The 72-hectare (178-acre) Forbidden City, the seat of Imperial power for 500 years, was commissioned by Emperor Yong Le, the third Emperor of the Ming Dynasty,  and was built between 1406 and 1420.  It was home to 24 emperors of the Ming (1368–1644) and Qing (1644–1911) Dynasties.  However, it  was burnt down, rebuilt, sacked and renovated countless of times, so much so that most of the splendid architecture we saw today dates from the 1700’s onwards.  In 1961, the Forbidden City was listed as one of the important historical monuments under the special preservation by the Chinese central government and, in 1987, it was nominated as a World Cultural Heritage by UNESCO. This treasure house of Chinese cultural and historical relics is recognized as one of the most important 5 palaces in the world (the other 4 being the Palace of Versailles in France, Buckingham Palace in the U.K., the White House in the U.S. and the Kremlin in Russia).

Outer Court

The complex was so huge so it took us quite a while to walk through, especially when we  wanted to have a close look at everything. Its dimensions are huge, being 961 m. (3,153 ft.) from north to south and 753 m. (2,470 ft.) from east to west and is surrounded by a 7.9-m. (26  ft.) high city wall and a 6 m. (20- ft.) deep by 52 m. (171 ft.) wide moat. The walls are 8.62 m. (28.3 ft.) wide at the base, tapering to 6.66 m. (21.9 ft.) at the top. Altogether, it has a total floor area of approximately 150,000 sq. m. (1,600,000 sq. ft.) and consists of 90 palaces and courtyards, 980 buildings and 9,999 bays of rooms, not all of which can be visited.

Inner Court

Traditionally, the Forbidden City is divided into two parts: the Outer Court (or Front Court) and the Inner Court (or Back Palace).  The Outer Court, used for ceremonial purposes, includes the southern sections.  The Inner Court, the residence of the Emperor and his family, was used for day-to-day affairs of state and includes the northern sections.
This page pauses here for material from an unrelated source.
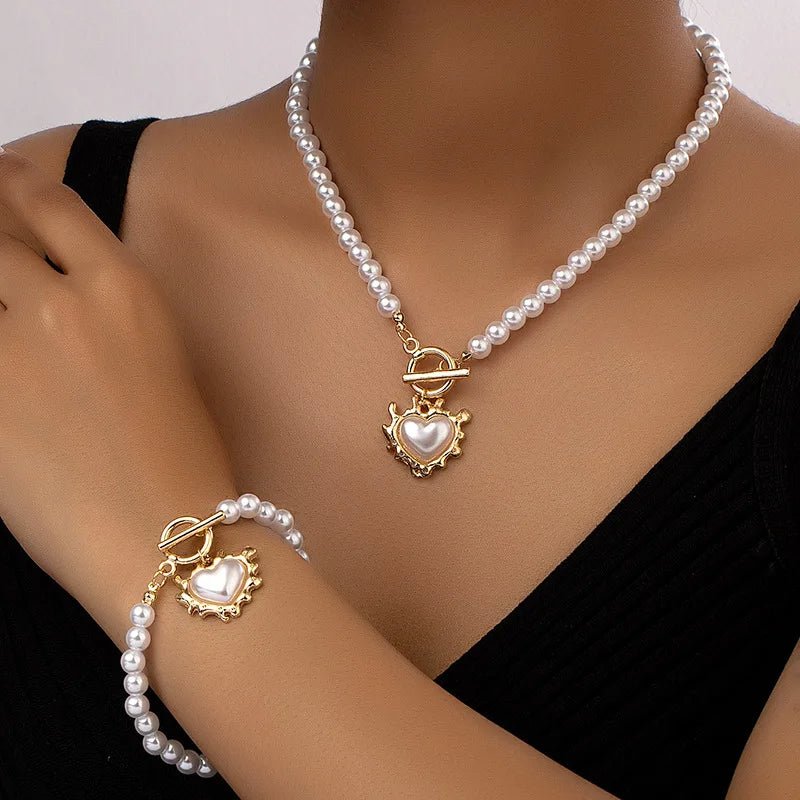 2Pc Beaded Heart Pendant Bracelet and Necklace Set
Generally, the Forbidden City has 3 vertical axes with the most important buildings are situated on the central north-south axis.

Meridian Gate

Once past Tiananmen Gate, we crossed an expansive brick-paved square until we reached the 5-arched Meridian Gate (Wumen), the largest gate and the main entrance to the palace. The gate was the place where the Emperor announced the new lunar calendar on the winter solstice.  Once through Meridian Gate, we go across Golden Stream Bridge and on to the Outer Court.
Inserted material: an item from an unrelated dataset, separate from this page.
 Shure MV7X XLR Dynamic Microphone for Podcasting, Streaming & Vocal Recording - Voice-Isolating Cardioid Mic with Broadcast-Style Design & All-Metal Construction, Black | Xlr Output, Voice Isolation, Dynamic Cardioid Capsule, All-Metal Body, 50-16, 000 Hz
Forbidden City: No.4 Jingshan Front Street, Dongcheng District 65132255, Beijing, People’s Republic of China.  Open 8:30 AM-5 M. Admission: RMB60

Tiananmen Square (Beijing, People’s Republic of China)

From the National Centre for the Performing Arts, Tiananmen Square was just a short leisurely walk.  This 440,000 sq. m., 880 m. by 500 m. city square, the largest  in the world (it can accommodate 600,000 people), lies between 2 ancient, massive gates: the Tian’anmen Gate (after whom the square was named) to the north (it separates it from the Forbidden City) and the Zhengyangmen, (better known as Qianmen) Gate to the south.  Designed and built in 1651, the square has since been enlarged 4 times its original size in the 1950s.

Tiananmen Square

The square has great cultural significance as it was the site of several key events in Chinese history such as the May Fourth Movement (1919); the proclamation of the People’ Republic of China by Mao Zedong (October 1, 1949); the annual mass military displays on all subsequent National Days until October 1, 1959; the military parades for the 35th (1984), 50th (1999) and 60th (2009) anniversaries of the People’s Republic of China, and the Tiananmen Protests in 1976 (after the death of premier Zhou Enlai) and 1989.

National Museum of China

The square is flanked by the National Museum of China (dedicated to Chinese history predating 1919) on the east and the Great Hall of the People on the west.   On the main north-south axis of the square is the Mao Zedong Mausoleum, built near the site of the former Gate of China (demolished in the 1950s) upon Mao’s death in 1976.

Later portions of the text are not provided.